What happened to computer architecture (and comp.arch?) [Computer Architecture]

Prev: VMWare tools killed my Mac OS X ?
Next: Software vs hardware floating-point [was Re: What happened ...]

From: Mayan Moudgill on 5 Oct 2009 12:29

Morten Reistad wrote:

> I have a strong stomack feeling there is something going on
> regarding l2 cache hit rate.

Can you get your hands on the TLB miss rate somehow? It's a very poor
proxy for l2 cache misses, but it can sometimes give you insight.

From: nmm1 on 5 Oct 2009 12:34

In article <gefpp6-9p2.ln1(a)laptop.reistad.name>,
Morten Reistad <first(a)last.name> wrote:
>
>The interrupt-coalescing code helps bring the interrupt rate
>down by an order of magnitude, so the interrupt rate is not
>a showstopper anymore.
>
>I have a strong stomack feeling there is something going on
>regarding l2 cache hit rate.

They are often related. The most common interrupt problem is that
the cache or TLB pollution is sufficiently bad that a critical
event doesn't get handled in time, though that can also happen
without interrupts being involved.

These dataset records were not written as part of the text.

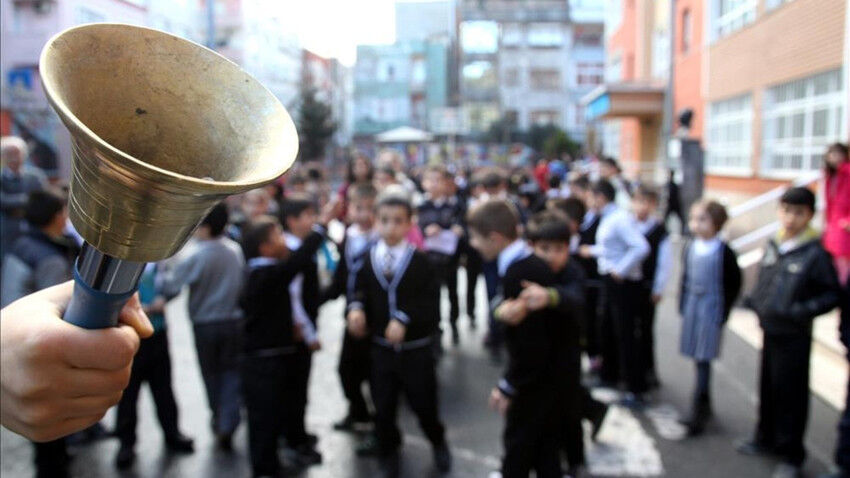 MEB'den ders süreleri için yeni karar: Ders saatleri 30 dakikaya düşebilir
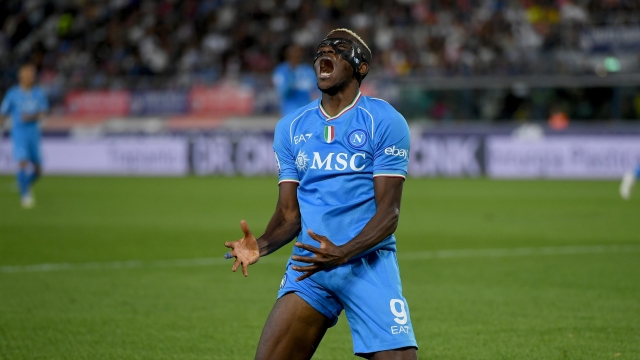 BOLOGNA, ITALY - SEPTEMBER 24: Victor Osimhen of Napoli reacts during the Serie A TIM match between Bologna FC and SSC Napoli at Stadio Renato Dall'Ara on September 24, 2023 in Bologna, Italy. (Photo by Alessandro Sabattini/Getty Images)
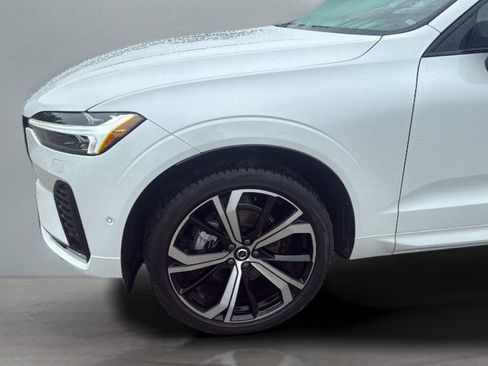 Used 2025 Volvo XC60 B5 Ultra w/ Protection Package Premier AWD/4WD image 9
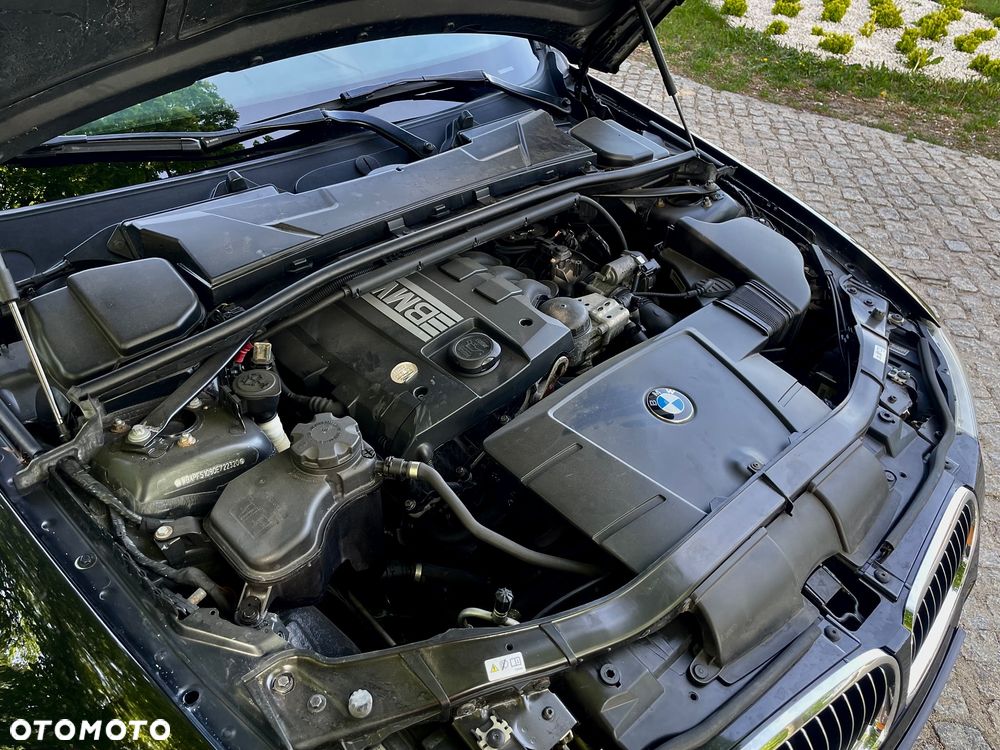 BMW Seria 3 318i Edition Sport - 23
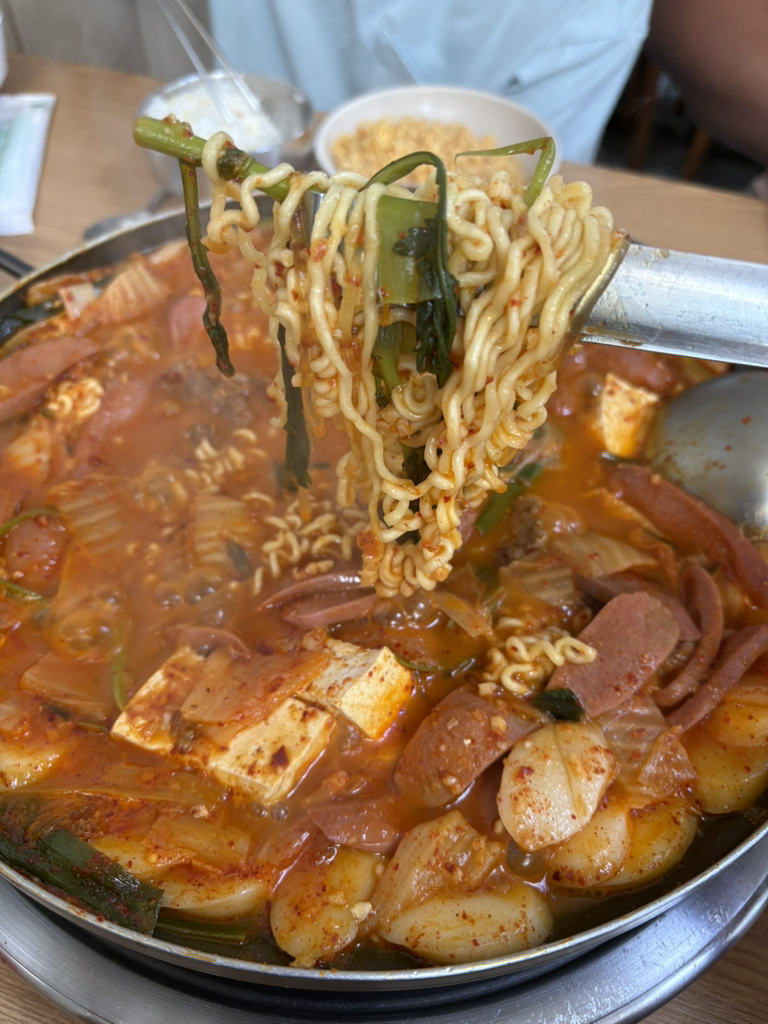Sinseobangbudaejjigae 4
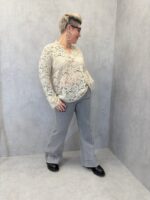 Haut En Dentelle Fluide Col V – Féminité Élégante Grande Taille – Image 5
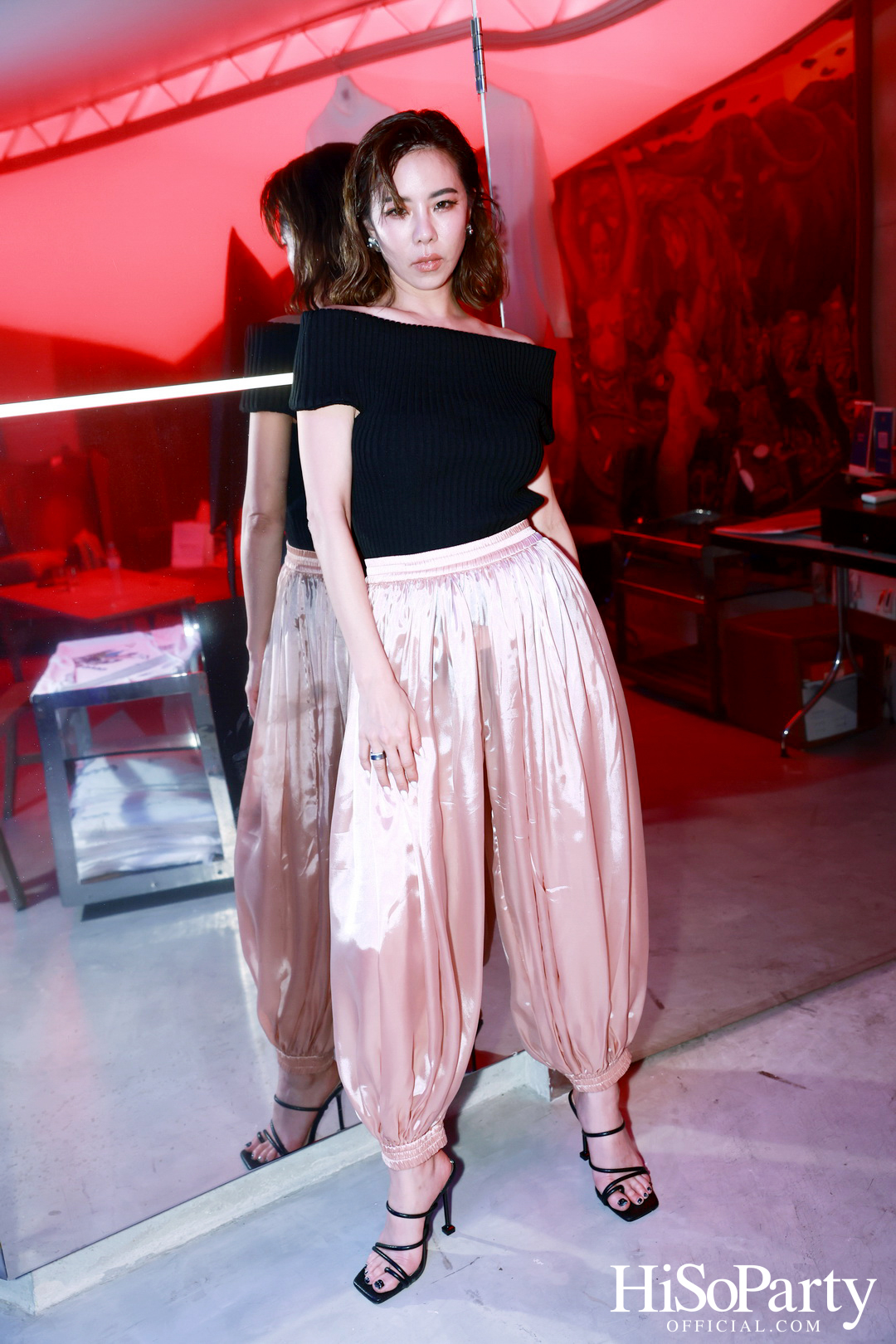 Vickteerut จัดแฟชั่นโชว์ ‘Vickteerut Spring/Summer Collection 2025’ เปิดตัวคอลเลกชัน ‘Forme’ ประจำฤดูใบไม้ผลิ/ฤดูร้อน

If that happens, the code very
often switches from the fast path into a slow one, which can cause
its response to be delayed by much more than its request. That can
then cause the next level to miss an event, and so the phenomenon
builds up.

Regards,
Nick Maclaren.

From: Terje Mathisen on 6 Oct 2009 01:38

Morten Reistad wrote:
> However, all of the applications just open general udp sockets,
> and read the mass of udp packets arriving. Which cpu that service
> any read request should be pretty random, but the packet handling
> needs to look up a few things, and will therefore hit cache locations
> that were in, with odds of 12:1 or somesuch, last in use by another
> cpu.

If these lookup locations are read-only, then there's nothing stopping
all 12 cores from having private copies in L1/L2. Except for the wasted
spcae due to duplication, this should be OK.

OTOH, if you update _anything_ within that common block, then all bets
are off.
>
> This may explain why we get such tremendous boosts with hyperchannel,
> or keeping all the cores on one socket. On the two-socket machine
> without hyperchannel that we tested the it proved essential for
> speed to put all the packet processing; rtp and linux kernel, on
> one cpu socket, and everything else on another.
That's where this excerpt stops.